** Prompt **
Restate word for word the lines below that run from the one holding "Light green jade bangle" through the one holding "2 Inch Tough", inclusive. Pictures don't belong in the copy.

** Records shown **

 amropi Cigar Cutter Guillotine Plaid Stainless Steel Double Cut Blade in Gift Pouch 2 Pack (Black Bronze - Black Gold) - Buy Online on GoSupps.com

==

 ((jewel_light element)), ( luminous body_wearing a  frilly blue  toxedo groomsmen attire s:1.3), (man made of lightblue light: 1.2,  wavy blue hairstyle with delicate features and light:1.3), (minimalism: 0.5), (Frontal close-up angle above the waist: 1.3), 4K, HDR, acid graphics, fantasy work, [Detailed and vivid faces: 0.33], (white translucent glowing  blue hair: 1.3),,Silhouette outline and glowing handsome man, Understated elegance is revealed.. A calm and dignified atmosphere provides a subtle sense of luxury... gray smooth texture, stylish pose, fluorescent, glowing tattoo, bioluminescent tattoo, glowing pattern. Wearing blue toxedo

---

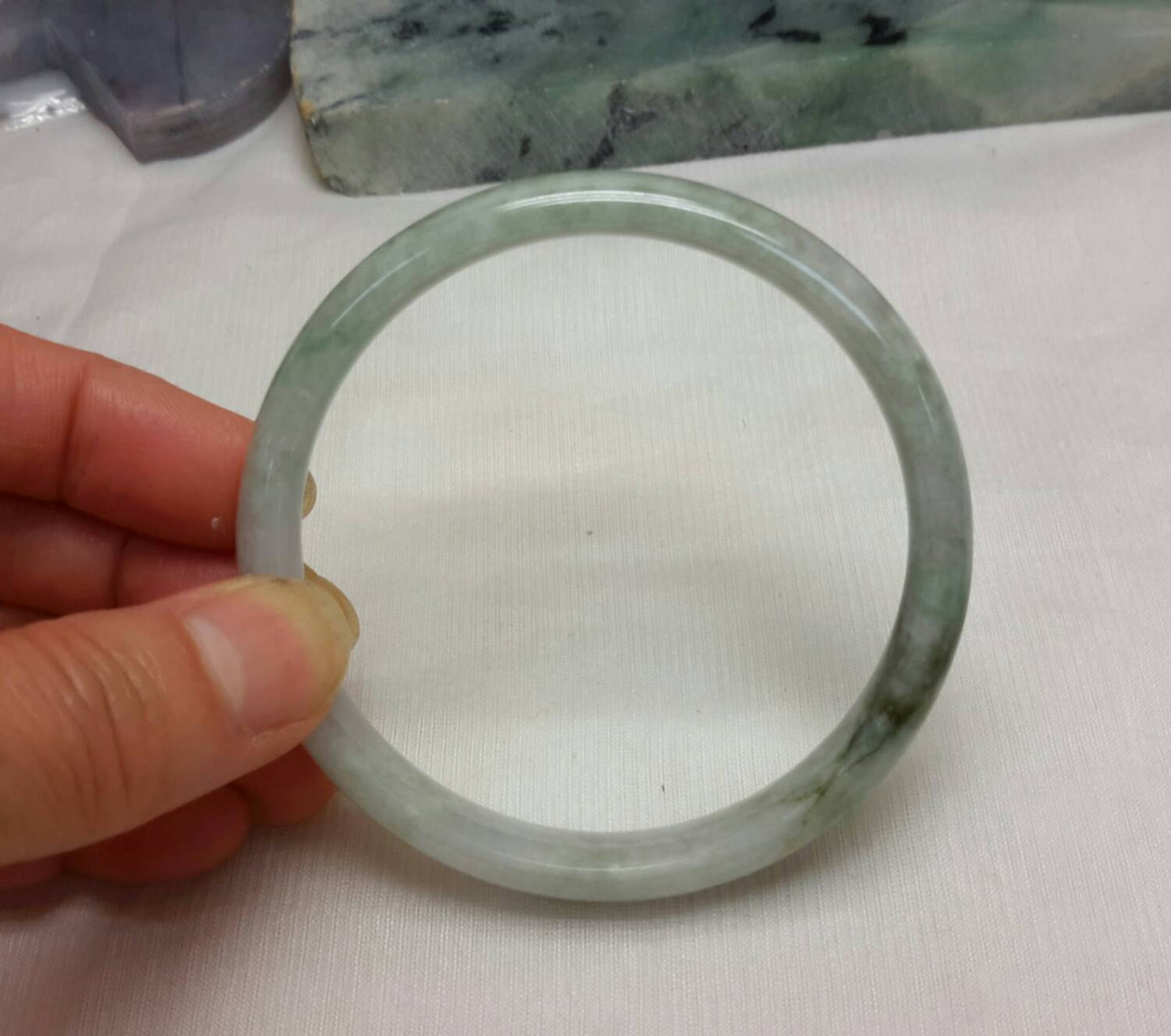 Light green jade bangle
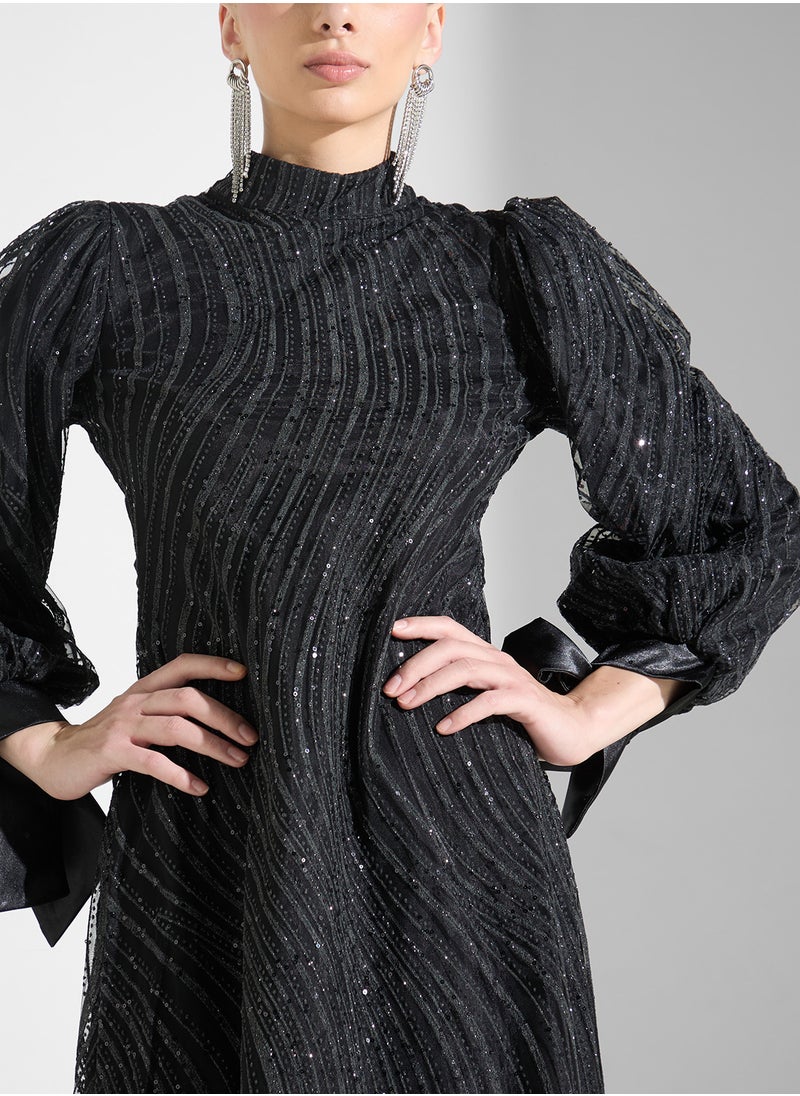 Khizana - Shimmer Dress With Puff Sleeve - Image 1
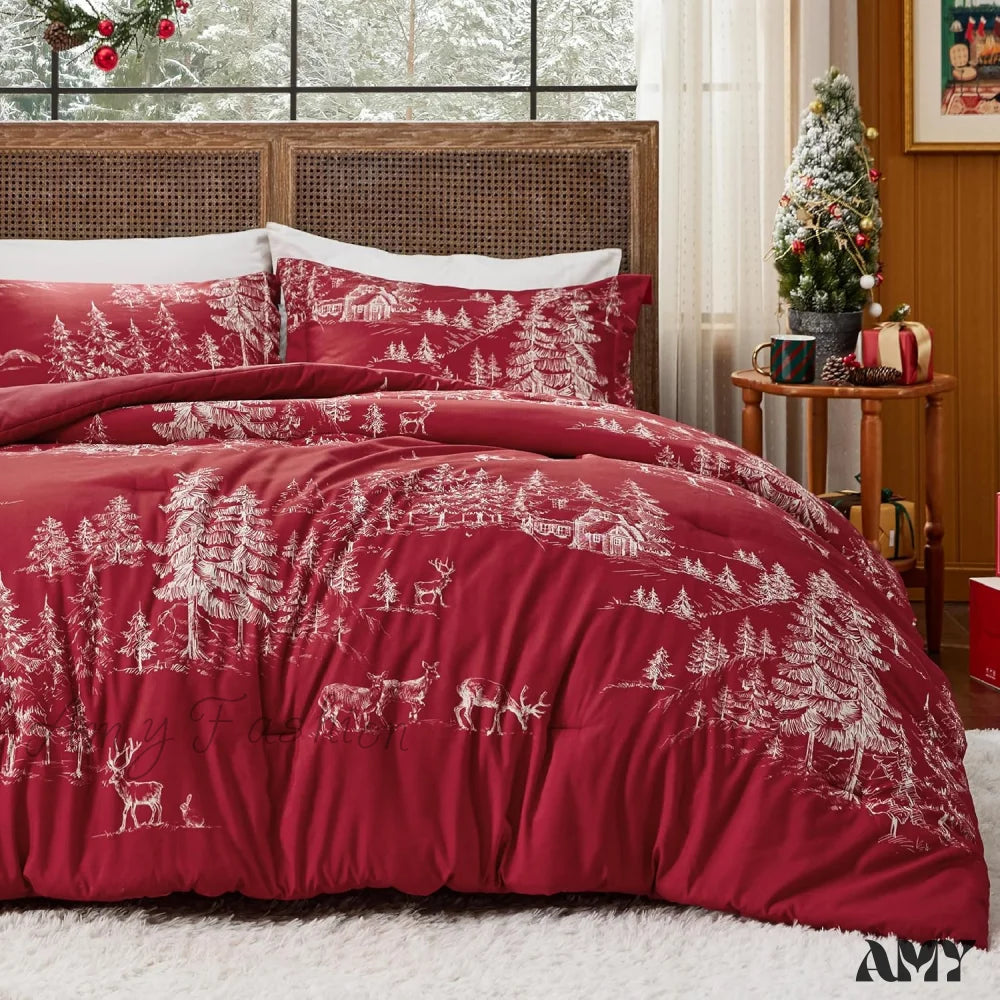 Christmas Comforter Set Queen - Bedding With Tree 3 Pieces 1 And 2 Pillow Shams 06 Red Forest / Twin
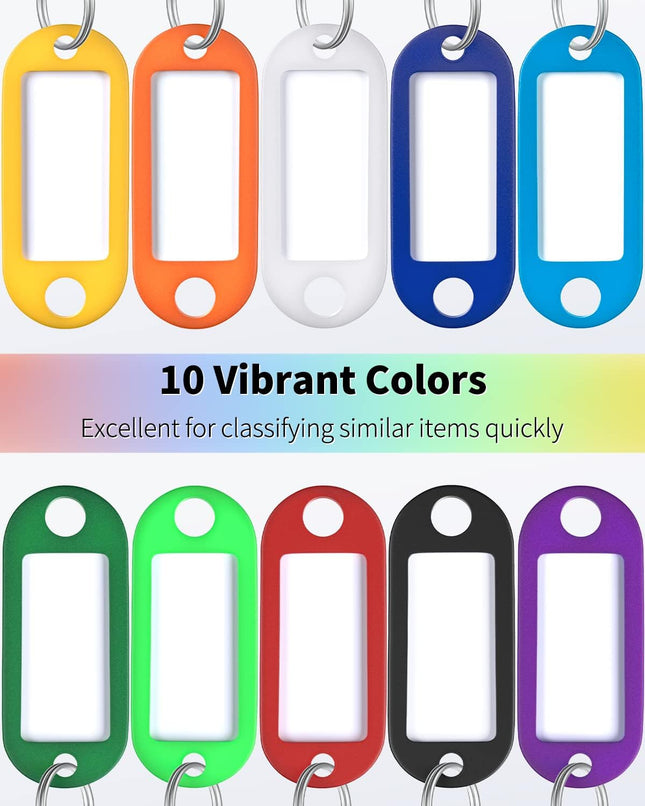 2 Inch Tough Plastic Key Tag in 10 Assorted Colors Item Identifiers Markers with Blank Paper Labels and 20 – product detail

** Worked solution **
 Light green jade bangle
 Khizana - Shimmer Dress With Puff Sleeve - Image 1
 Christmas Comforter Set Queen - Bedding With Tree 3 Pieces 1 And 2 Pillow Shams 06 Red Forest / Twin
 2 Inch Tough Plastic Key Tag in 10 Assorted Colors Item Identifiers Markers with Blank Paper Labels and 20 – product detail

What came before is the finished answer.